**SOURCE INFORMATION:**
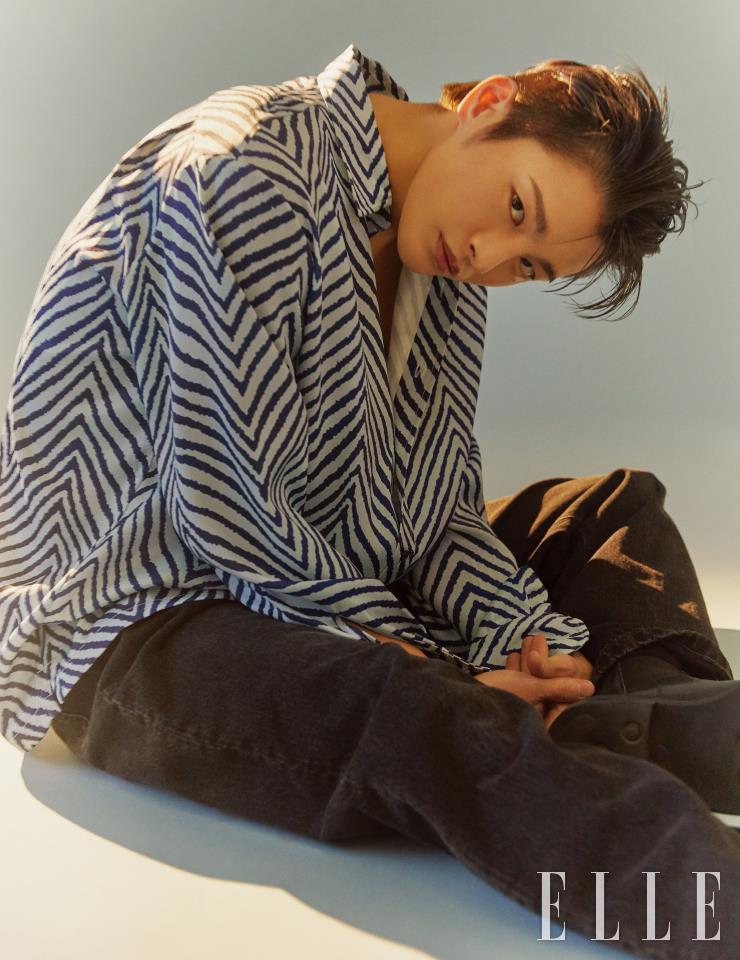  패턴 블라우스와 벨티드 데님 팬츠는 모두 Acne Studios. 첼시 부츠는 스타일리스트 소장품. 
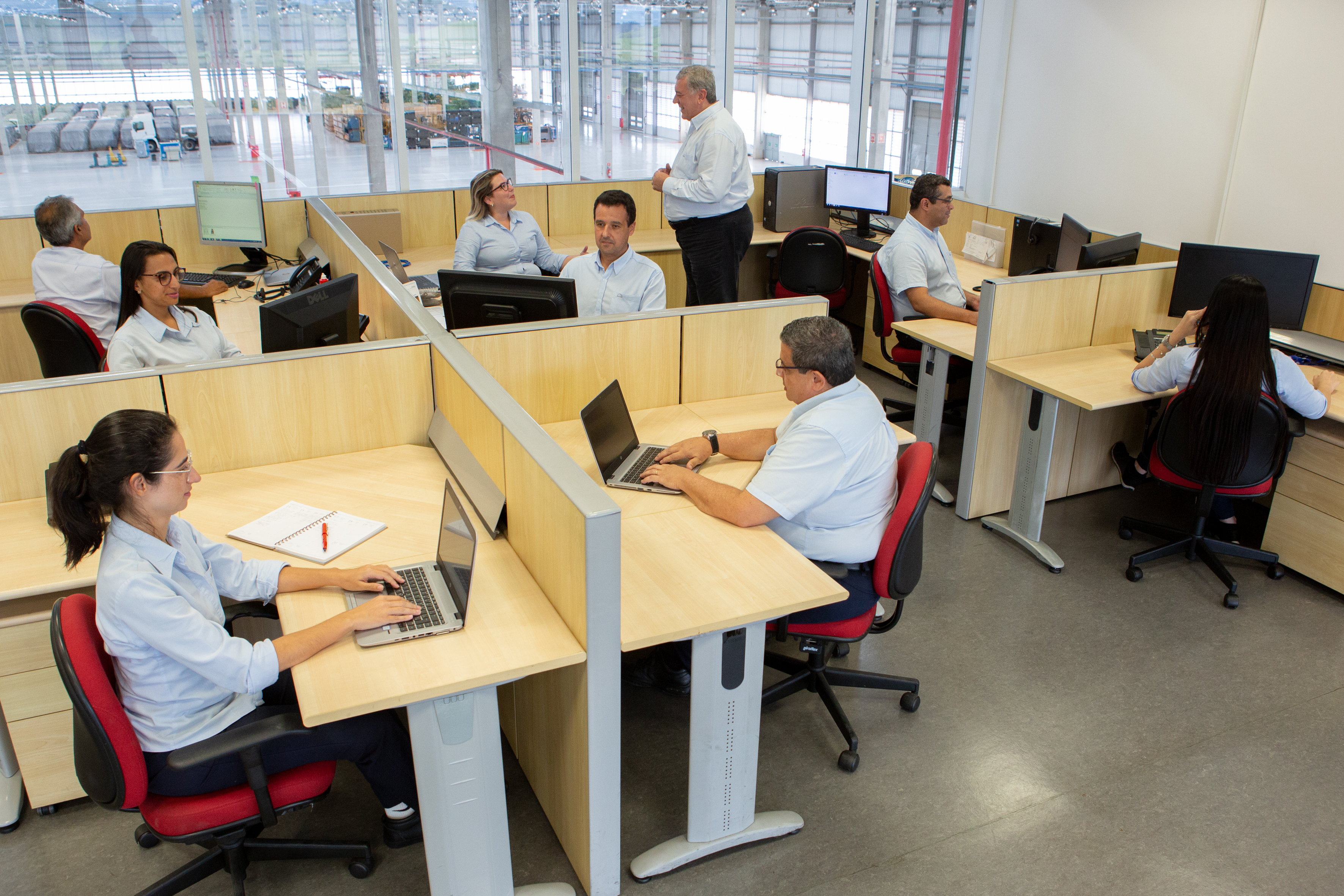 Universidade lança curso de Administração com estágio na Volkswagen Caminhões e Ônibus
---
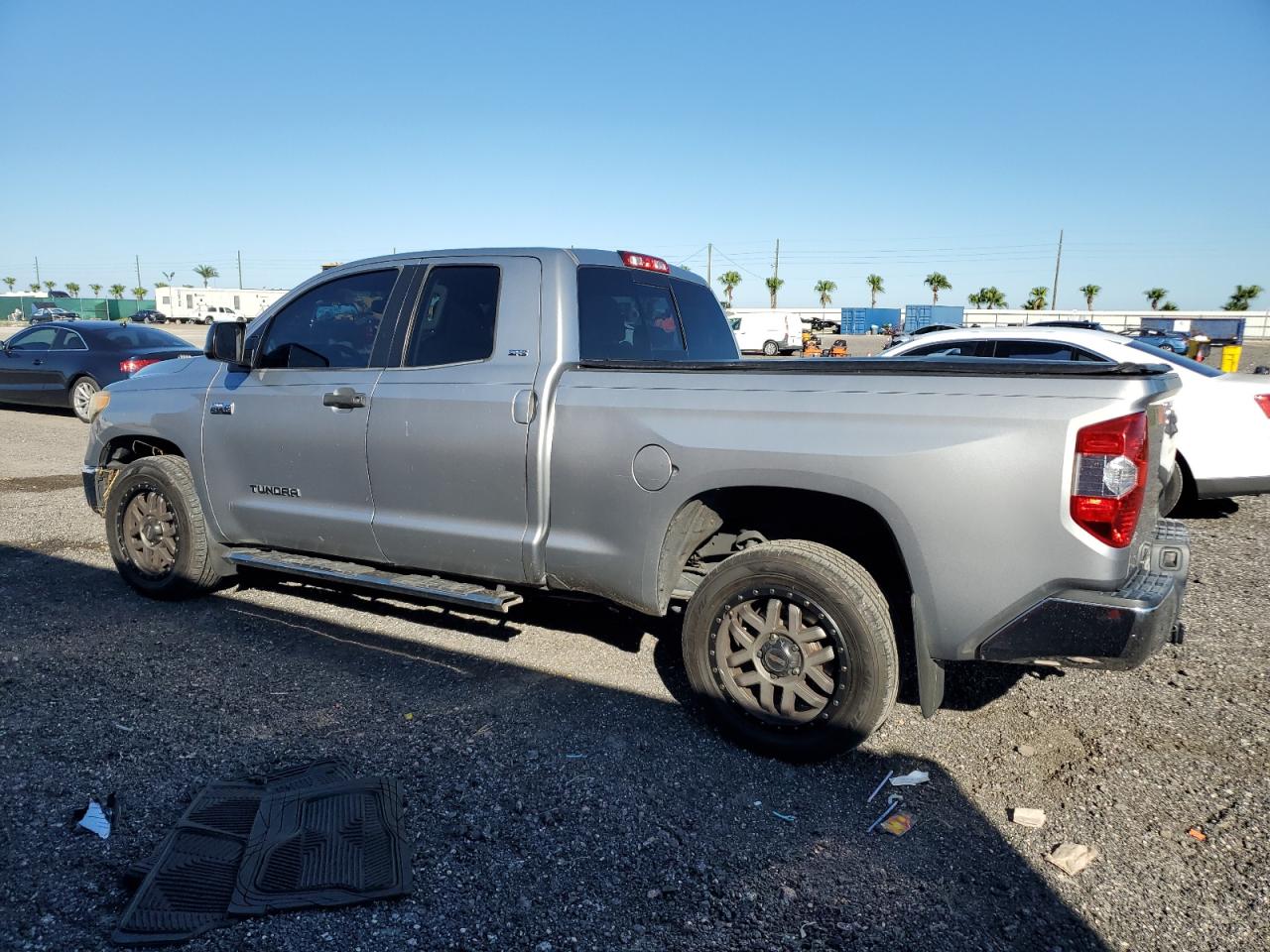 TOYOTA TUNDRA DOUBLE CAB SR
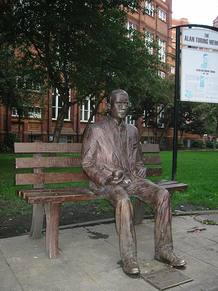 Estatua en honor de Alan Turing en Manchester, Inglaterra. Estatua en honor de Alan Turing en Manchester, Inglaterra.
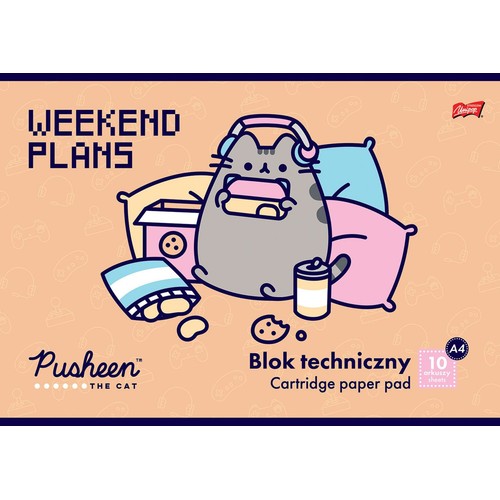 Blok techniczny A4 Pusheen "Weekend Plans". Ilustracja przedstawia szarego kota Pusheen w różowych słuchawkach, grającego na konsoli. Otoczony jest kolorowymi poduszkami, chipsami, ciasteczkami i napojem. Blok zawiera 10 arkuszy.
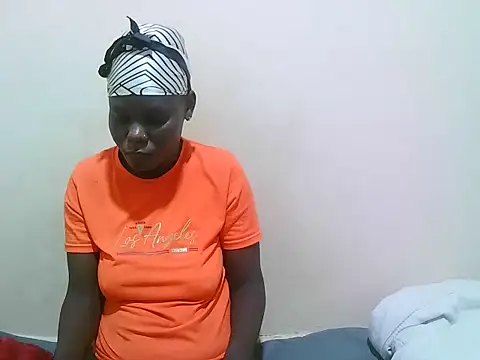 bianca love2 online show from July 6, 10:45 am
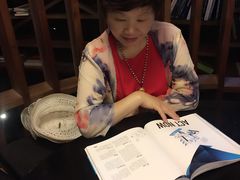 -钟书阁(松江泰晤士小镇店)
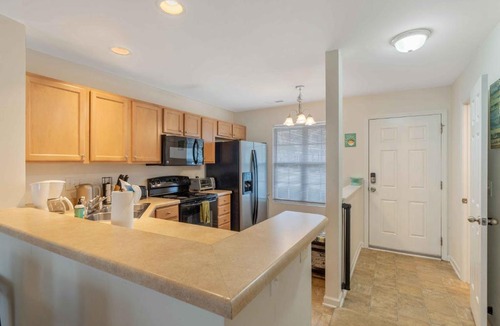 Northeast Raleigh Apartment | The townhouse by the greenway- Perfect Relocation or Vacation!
--
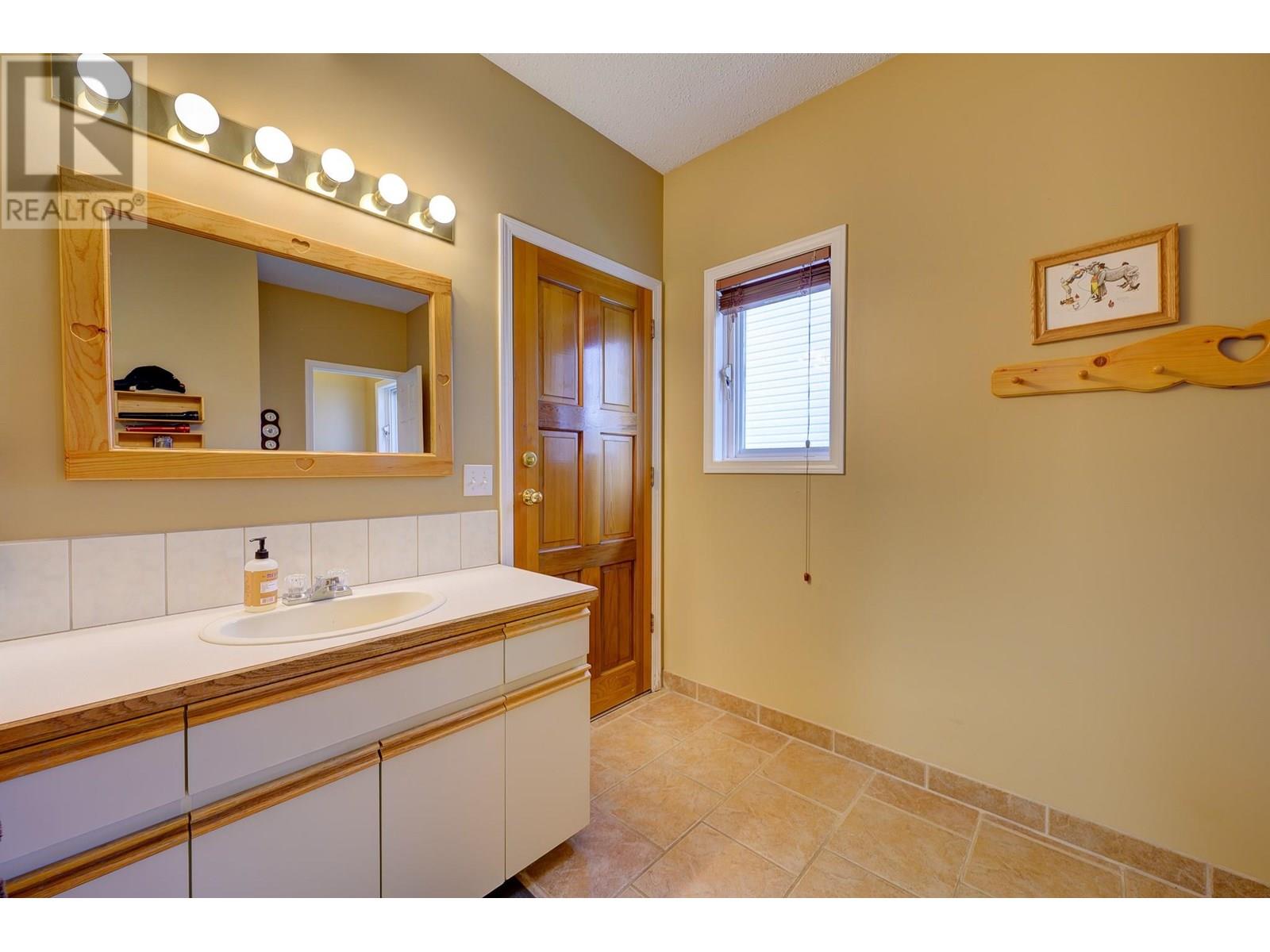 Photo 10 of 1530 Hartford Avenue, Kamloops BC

**TASK INSTRUCTIONS:** Among the entries above, find the line with "-钟书阁(松江泰晤士小镇店)" and repeat exactly from there through the line with "Northeast Raleigh Apartment", leaving out the pictures.

**EXPECTED ANSWER:**
 -钟书阁(松江泰晤士小镇店)
 Northeast Raleigh Apartment | The townhouse by the greenway- Perfect Relocation or Vacation!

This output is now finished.